Prosecutors declined to charge him criminally.

These fights show how local officials can restrict voting without formally banning it through state legislation.

Removing an early voting site, cutting Sunday hours or taking away a drop box may sound administrative. But for voters who depend on those options, those decisions can determine whether voting is easy or impossible.

Election deniers are taking their war on voting machines local

Local anti-voting efforts have also focused on hand counting, which 

has become a central demand of the post-2020 election denial movement — even though election experts have repeatedly warned that it is slower, less reliable and far harder to scale than using tested voting equipment.

In Nye County, Nevada, county officials moved to count ballots by hand after false claims about widespread fraud fueled distrust of voting machines. The Nevada Supreme Court limited parts of the plan before the 2022 midterms, the secretary of state’s office halted the count after a legal challenge and the county ultimately used machines as its primary vote-counting method while running a parallel hand count.

In Cochise County, Arizona, Republican supervisors tried to launch a full hand count audit of early ballots in 2022, despite warnings from state and county officials. A judge blocked the plan, and an Arizona appeals court later affirmed that the county could not conduct a full hand count of all early ballots. 

After losing the hand count fight, county supervisors also delayed certification of the 2022 election results before complying with a court order.

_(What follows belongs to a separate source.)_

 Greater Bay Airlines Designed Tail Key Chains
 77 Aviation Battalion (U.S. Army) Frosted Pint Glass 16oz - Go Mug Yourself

The same distrust of voting machines showed up in Otero County, New Mexico, where Republican commissioners refused to certify 2022 primary results because they said they did not trust the county’s vote tabulators, despite offering no evidence of problems. 

The commission had also voted to discontinue secured drop boxes and state voting machines, even after being told it lacked legal authority to do so.

And in Thornapple, Wisconsin, a small town’s decision to remove voting machines ran into federal disability protections. 

The U.S. Department of Justice, under President Joe Biden, sued after the town stopped using accessible voting machines, arguing the move violated the Help America Vote Act — a federal law that requires polling places to give voters with disabilities the same opportunity to vote privately and independently as other voters.

The town eventually agreed to bring accessible machines back.